La vie change avec Orange
Le personnage dont je vais vous raconter l’histoire est fictif, cependant, tout ce qui touche à ses conditions de travail est réel. La plupart des éléments sont tirés du documentaire "Orange Amère" récemment diffusé sur France 5.
Pierre a 42 ans, il habite Paris, il est père de trois enfants, et il travaille chez France Télécom depuis près de 20 ans. Il a commencé à travailler sur des chantiers pour l’entreprise, puis il a été muté 4 fois vers des postes totalement différents de ses qualifications. C’est-ce que le patronat appelle le time to move, ou TTM, ironiquement rebaptisé « Tire Toi Maintenant » par les salariés. Les cadres sont mutés tous les trois ans, les autres, tous les cinq ans.
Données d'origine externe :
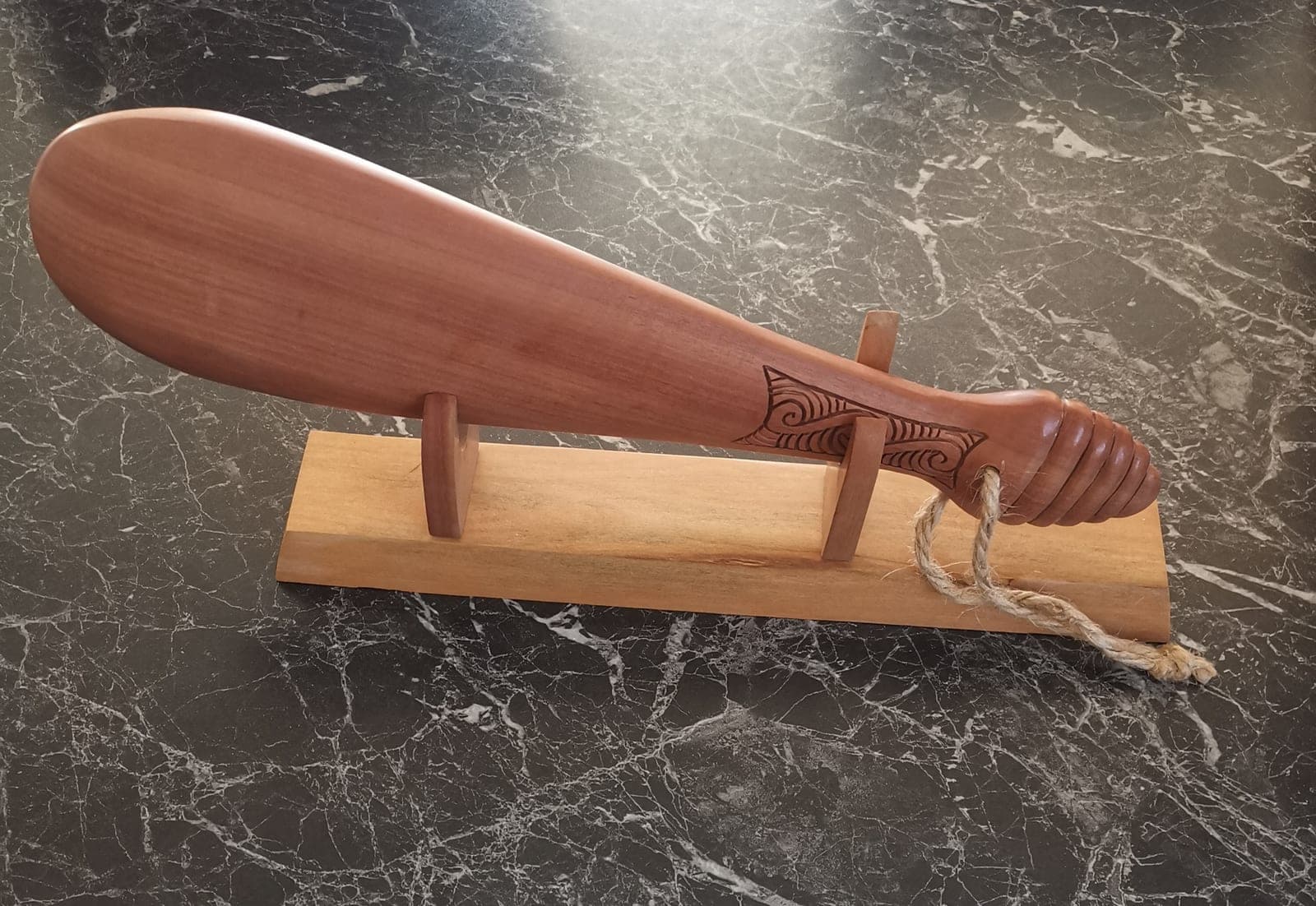 Wooden Patu on stand — view 1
Lorsqu’il arrive à son travail, Pierre s’installe à son bureau en « marguerite » c’est-à-dire plusieurs bureaux disposés en étoile et séparés par de fines cloisons. Il a 3 minutes pour s’installer, c’est le chiffre décrété par la direction. Il doit commencer par se « loguer » sur son ordinateur, après avoir entré ses identifiants, et il doit ensuite activer un programme qui va surveiller le moindre de ses actes tout au long de la journée, de son temps d’appel, jusqu’aux mouvements de la souris sur son écran. Après quelques heures de travail, le manager du groupe fait un rappel des objectifs : il n’est pas très content du travail fourni par son équipe, il n’ont atteint que 89% des objectifs de vente.
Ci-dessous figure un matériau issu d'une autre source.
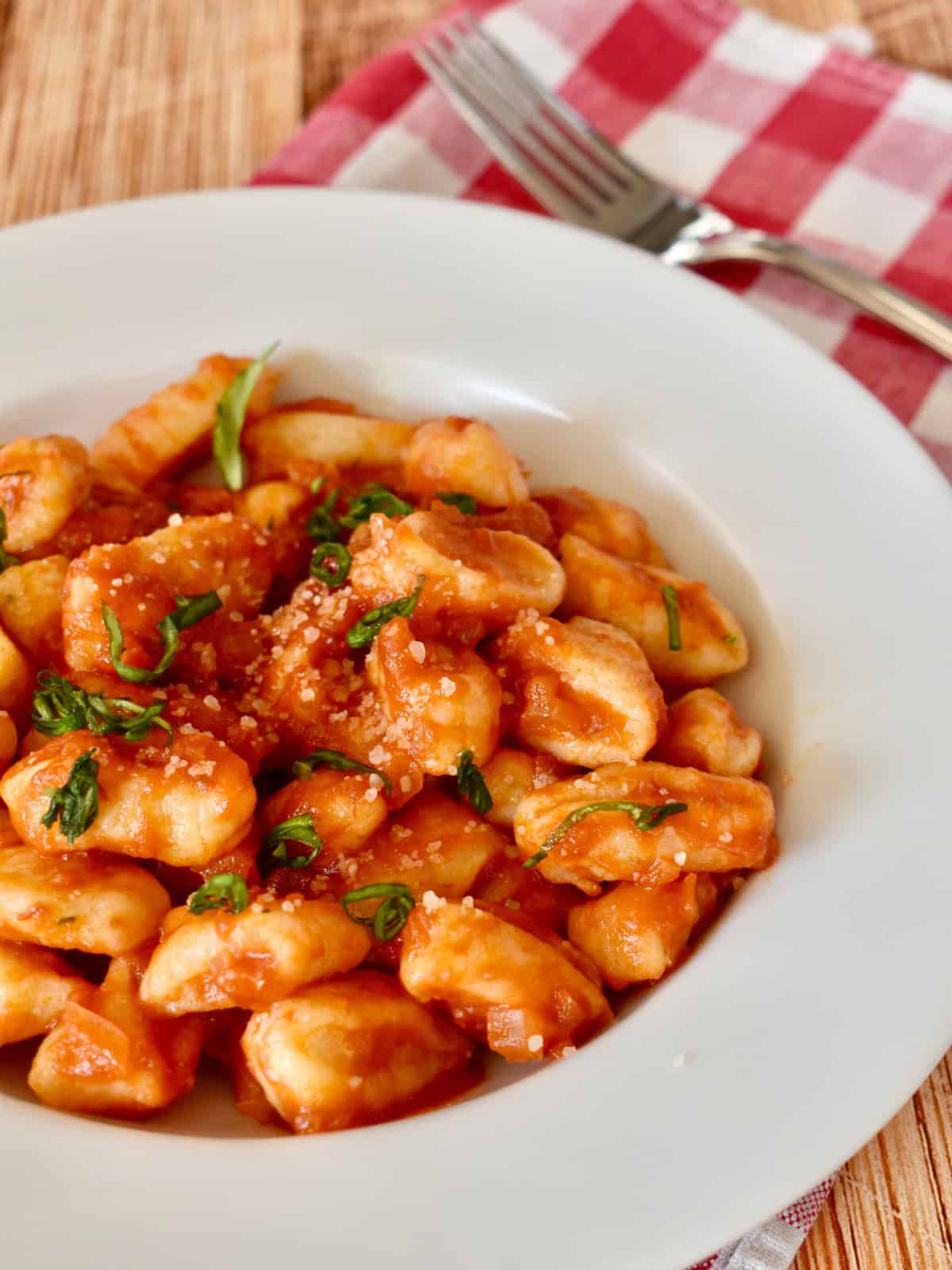 Ricotta Gnocchi with red sauce in a white bowl.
Pierre est toujours sous le stress de la contrainte des objectifs qui sont donnés en début de mois, malgré le fait que la durée des appels soit en moyenne de 10 minutes, la direction demande une moyenne de 5 à 8 appels horaires. Comme si cela ne suffisait pas, les salariés doivent également indiquer ce qu’ils ont vendu sur un logiciel et faire un dossier à propos de chaque appel, et cela pendant leur temps de travail, ce qui les oblige à prendre encore moins d’appels. Cela ne semblait pas encore assez stressant par la direction, c’est pourquoi les prestations des salariés sont écoutées par leur responsable. Mais ils ne savent pas qui est écouté, ni quand. Ils reçoivent juste en mail qui leur apprend qu’ils seront écoutés à un moment de la journée.
Après 3 heures de travail, Pierre se décide à demander à son responsable la permission d’aller aux toilettes. Son patron lui répond qu’il peut y aller, mais qu’il connait les conditions : pas plus d’une minute sinon celui-ci devra fournir une explication écrite.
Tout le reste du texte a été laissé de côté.